Actually I've lost track of the exact week of the pregnancy due to my busy work schedule. I can only try to make a close guess at it.
She's weighing at 992 g. Dr Ang said that she's on the big side and advised me to cut down on the carbo intake. I was quite shocked because my tummy is still quite small compared to other pregnant women.

He said that she's in an 'oblique' position, in which her head is on my tummy's upper right side, the body in the centre of my tummy and her legs at my tummy's bottoom left. 'Slanted' I call it.
She's very active. I can feel her kicks on a daily basis, and sometimes, she kicks on my bladder I think, which makes me feel as if my urine could come out.
I feel very guilty towards this baby. Up till now, I haven't got a name for her. And my job entails screaming at the kids and getting upset and angry very often. I know it's not good for the baby, but who can help it?
This pregnancy is certainly quite different from my experience with Coco. I continue to feel very tired - but it could also be due to the demanding nature of my job. I often have shoulder aches, and recently, I got backaches. Just last night, William and I quarrelled over the need to massage my back. He was very impatient and rubbed very hard on my back and shoulders. I got angry with him and screamed at him, accusing him of trying to make me suffer a miscarriage.
When I woke up this morning, I saw that the house is in a mess. Mess everywhere. Dining table, coffee table, platform, bedroom, Coco's bedroom, kitchen sink, even the basin where we brush our teeth - there was a worm swimming in some remaining water.
I know that it's not easy on William these few months. It's especially challenging to wake up at 5am every day without fail to prepare Coco for school. I myself can't do it. I was already struggling when William and I alternated on the days we get up early to prep her.
I packed some parts of the house, especially things that belong to Coco, and abit of mine. William is right in that the things that make the house messy are actually ours, not his. Sometimes I wonder if I've been too hard on William. He's never done a day of housework in his life before marriage. He's been trying, although the standard is still very far from my expectations. Perhaps I should be more forgiving towards his ineptness at doing housework. Or maybe I'm just finding an outlet to vent my frustrations at his debts. The debts are still there. His grandfather didn't manage to clear them for him. I'm very stressed up over his debts and his gambling habits.

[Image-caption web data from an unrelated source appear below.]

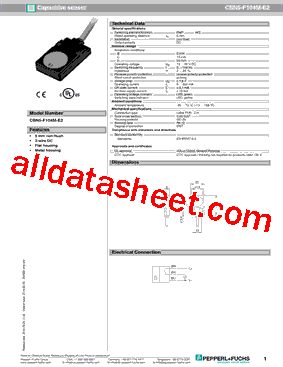 CBN5-F104M-E2型号图片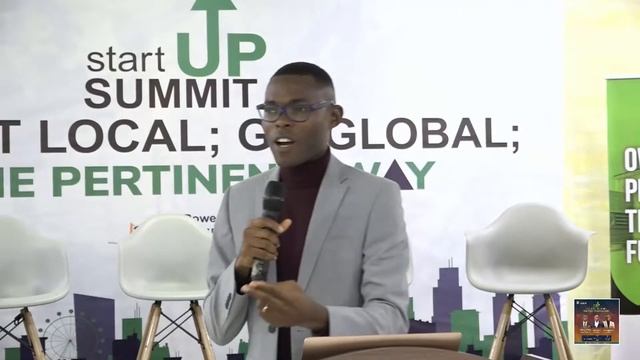 Start Local, Go Global; The Pertinence Way. смотреть онлайн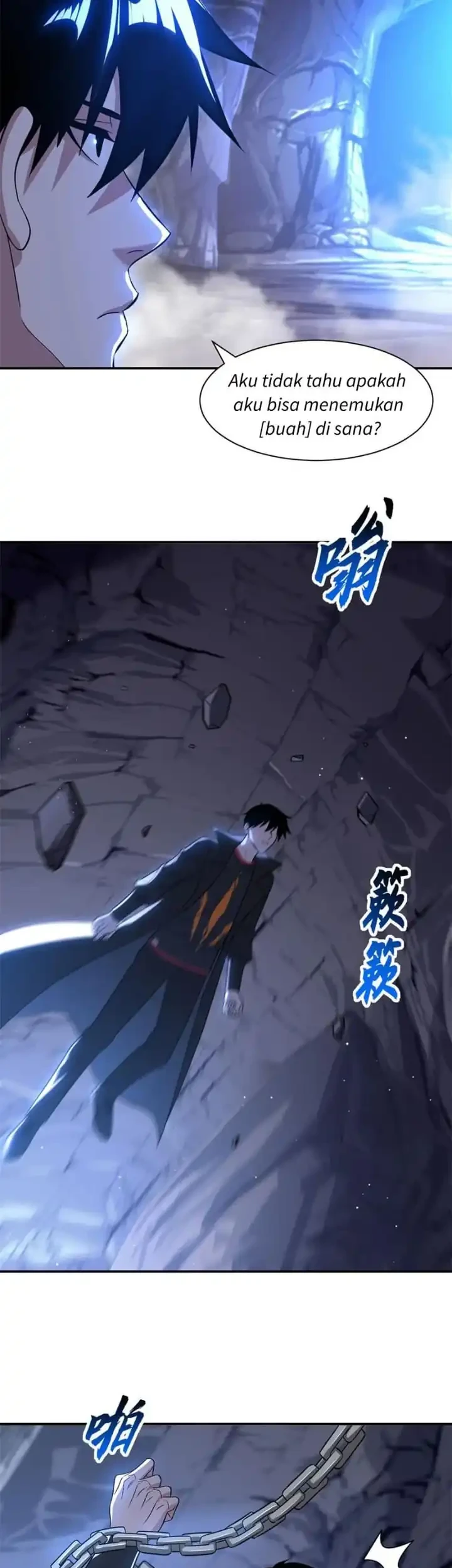 Super God Pet Shop Chapter 177 Gambar 3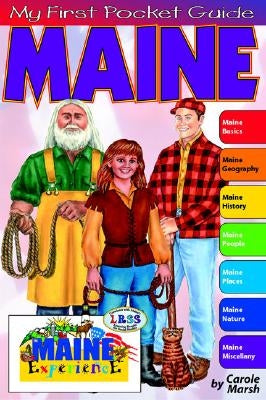 My First Pocket Guide about Maine by Marsh, Carole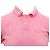 Dolce & Gabbana DG Logo Polo-Shirt mit kurzen Ärmeln Pink - Ansicht 2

Sometimes I wonder if all's been worth it to marry him so early to let Coco enter his alma mater. But Coco's everything to me. I remember promising myself to give her the best the moment I set my eyes on her 8 years ago. I haven't let this down. What is more important than giving her the best school she can go? I have wasted my youth on a jerk. It is of secondary importance to me that I'm going to spend another 10 years with another jerk. I'm just worried about the financial load he might bring on me, and Coco.